Milano, 1 agosto 2014 – Omicidio aggravato da futili motivi e occultamento di cadavere. Il pubblico ministero Grazia Pradella ha chiesto ieri il giudizio immediato per i due indiani, Rajeshwar Singh, 29 anni, attualmente in carcere insieme alla fidanzata Gagandeep Kaur, di 30 anni, che il 27 gennaio uccisero (secondo l’accusa) Mahtab Savoji, la ragazza iraniana di 29 anni, studentessa all’Accademia di Brera e poi ne scaricarono il corpo, chiuso in valigia, in un canale del Lido di Venezia.Nessuno dei due giovani, in questi sei mesi di carcere,ha mai confessato il delitto. Lui ha continuato ad accusare lei, lei ha continuato ad avvelersi della facoltà di non rispondere. Eppure le relazioni dell’anatomopatologo prima, e dei periti incaricati dalla procura poi, hanno ricostruito anche i dettagli di quella notte in cui i due fidanzati portarono a termine un piano omicida delirante. Ad uccidere Mahtab, secondo l’accusa, sarebbero stati entrambi, concordi. La morte, avvenuta per «asfissia meccanica». Secondo la perizia, la giovane sarebbe stata uccisa con la collana d’oro che portava al collo Rajeshwar Singh.

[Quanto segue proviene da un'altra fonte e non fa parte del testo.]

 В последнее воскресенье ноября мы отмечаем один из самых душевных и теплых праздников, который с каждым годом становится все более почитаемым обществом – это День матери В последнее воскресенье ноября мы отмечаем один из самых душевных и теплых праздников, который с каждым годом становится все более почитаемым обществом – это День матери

Una catena dalle maglie piuttosto grosse che lui avrebbe stretto attorno al collo della ragazza, mentre la fidanzata le teneva bloccate le braccia. A conferma di questo particolare, sul collo della iraniana sono state trovati piccoli frammenti di oro della catena. Un omicidio che, per le modalità, secondo l’accusa, non può che essere stato commesso da due persone. Come movente la gelosia, anzi «una vera e propria ossessione» da parte della fidanzata e futura sposa, che non tollerava più le attenzioni di lui nei confronti della bella coinquilina. Così, il piano criminoso partorito in una notte ambigua e confusa dall’alcol.

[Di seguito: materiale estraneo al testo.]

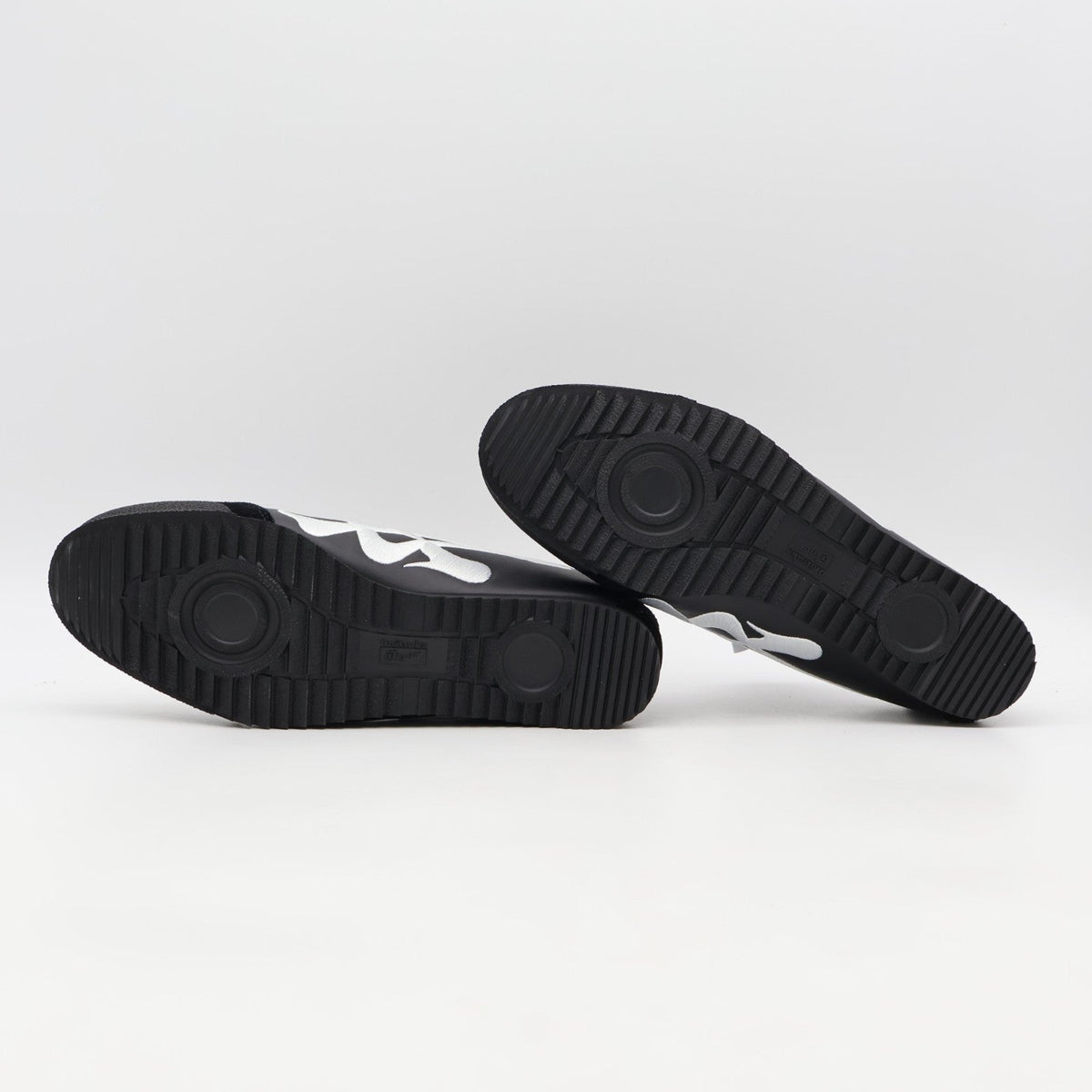 1181A628-001 Onitsuka Tiger NIPPON MADE Mexico 66 Deluxe Black/White (Men's)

I tre cenano, giocano, finiscono a dormire vicini, sguardi d’intesa innocui, ma che nella mente ossessionata di Gagandeep Kaur scatenano un istinto violento, secondo gli inquirenti. La cronaca dell’omicidio ricomincia all’alba del 28 gennaio, non più a Milano, nell’appartamento di via Pericle 5, ma molto più lontano, al Lido di Venezia. Un corpo di donna affiora dalle acque di un canale di via Loredan. Lei è giovane, bella e completamente nuda se non per un filo di perline colorate attorno al collo, con un ciondolo. Inizia da qui quello che, per qualche giorno sarà il giallo della ragazza morta e chiusa in valigia: senza nome, senza passato.

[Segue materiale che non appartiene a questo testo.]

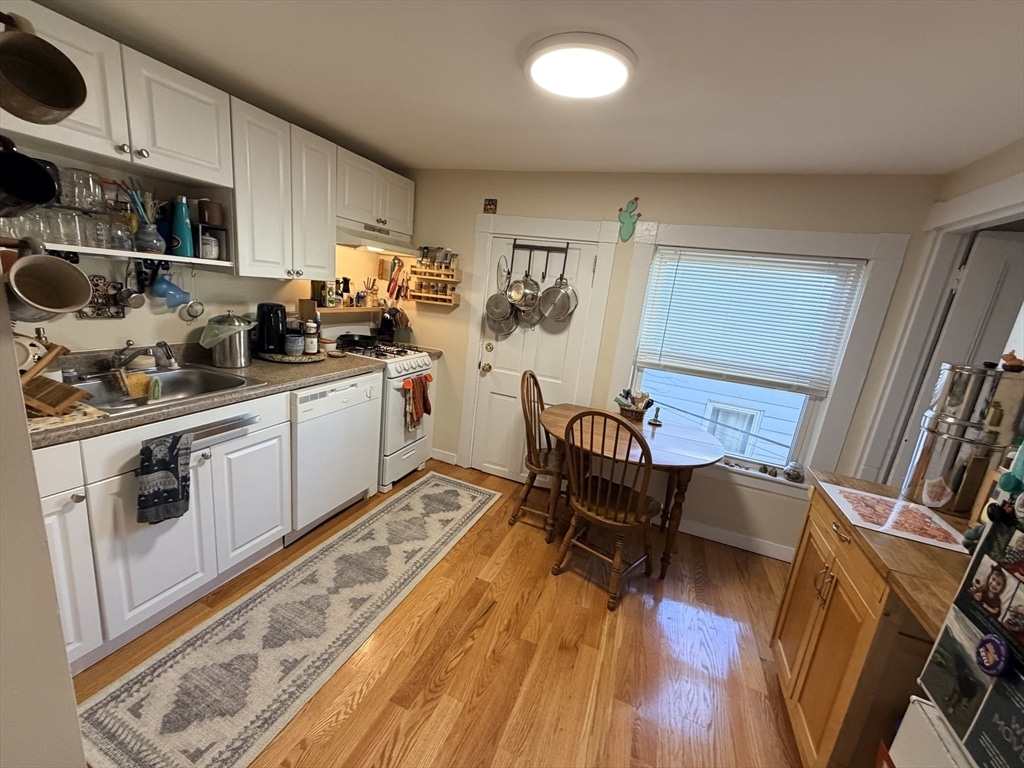 8 Roberts St #3r 8 Roberts St #3R - Brookline, MA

Per risalire alla sua identità i poliziotti ricorrono alle impronte digitali. Con Venezia, però, non ha nulla a che fare: da un anno e mezzo vive e studia a Milano. Accademia di Belle Arti, biennio specialistico in Scenografia. Di nuovo a Milano, arriva la soluzione del mistero, a meno di una settimana dal ritrovamento del suo corpo. Rajeshwar Singh, portiere d’albergo e Gagandeep Kaur, cameriera, entrambi suoi coinquilini, davanti al magistrato raccontano una verità piena di lacune e un macabro viaggio di 12 ore tra la Lombardia e il Veneto con il corpo denudato infilato in un trolley. Prima il tentativo di gettare il cadavere nelle acque del lago di Lecco: troppa folla. Quindi la decisione di ripiegare su Venezia. L’arrivo in treno, il vaporetto fino al Lido, Mahtab buttata nel canale e infine il ritorno a Milano, in taxi: 500 euro contrattati con l’autista che poi andrà dalla polizia a raccontare di quella strana coppia disposta a tutto pur di tornare a Milano. La sua testimonianza, insieme ai tabulati telefonici e alle telecamere che registreranno il passaggio della coppia tra Milano e Venezia, sarà fondamentale alla Squadra mobile di Milano e a quella di Venezia per incastrare i due.